= SUPPLIED INFORMATION =
⟨

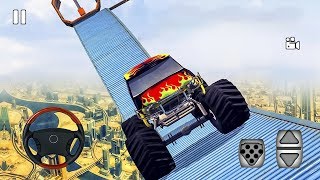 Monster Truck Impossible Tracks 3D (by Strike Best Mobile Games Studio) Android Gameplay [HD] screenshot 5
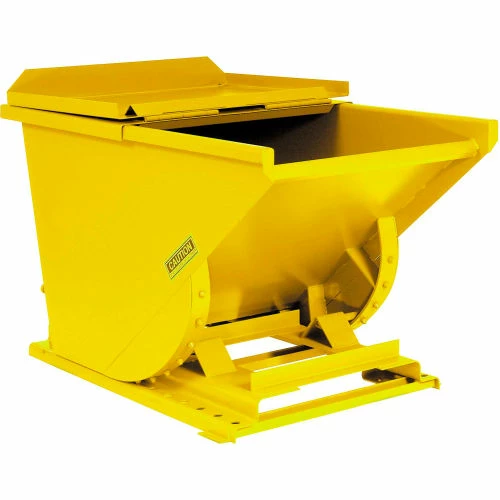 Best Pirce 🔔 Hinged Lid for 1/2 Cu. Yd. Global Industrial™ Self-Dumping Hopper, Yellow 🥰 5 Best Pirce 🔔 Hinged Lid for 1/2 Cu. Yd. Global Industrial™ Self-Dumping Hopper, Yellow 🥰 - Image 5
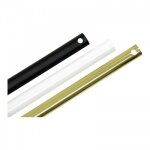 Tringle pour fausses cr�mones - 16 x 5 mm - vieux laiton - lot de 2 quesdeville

⟩
⟨

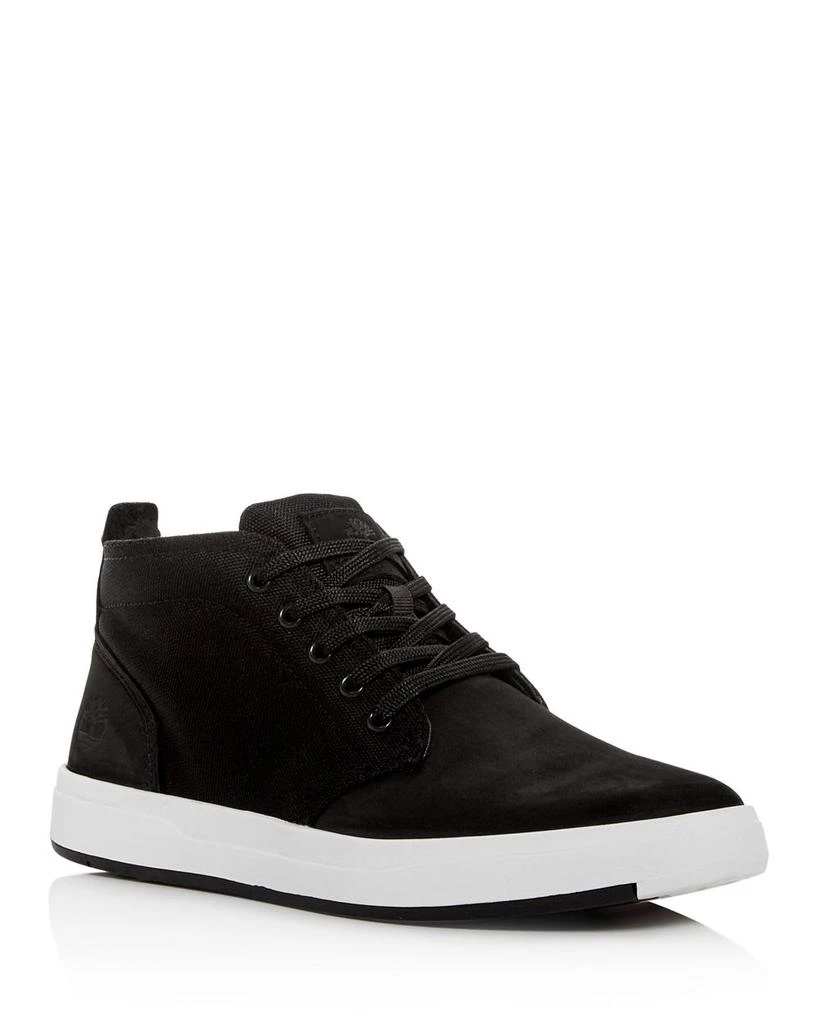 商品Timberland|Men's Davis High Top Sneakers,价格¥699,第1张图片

⟩

= WHAT YOU NEED TO DO =
Copy out exactly the material that runs from the line with "Monster Truck Impossible" to the line with "Yellow 🥰 - Image 5", ends included, and leave the pictures behind.

= COMPLETED EXERCISE =
 Monster Truck Impossible Tracks 3D (by Strike Best Mobile Games Studio) Android Gameplay [HD] screenshot 5
 Best Pirce 🔔 Hinged Lid for 1/2 Cu. Yd. Global Industrial™ Self-Dumping Hopper, Yellow 🥰 5 Best Pirce 🔔 Hinged Lid for 1/2 Cu. Yd. Global Industrial™ Self-Dumping Hopper, Yellow 🥰 - Image 5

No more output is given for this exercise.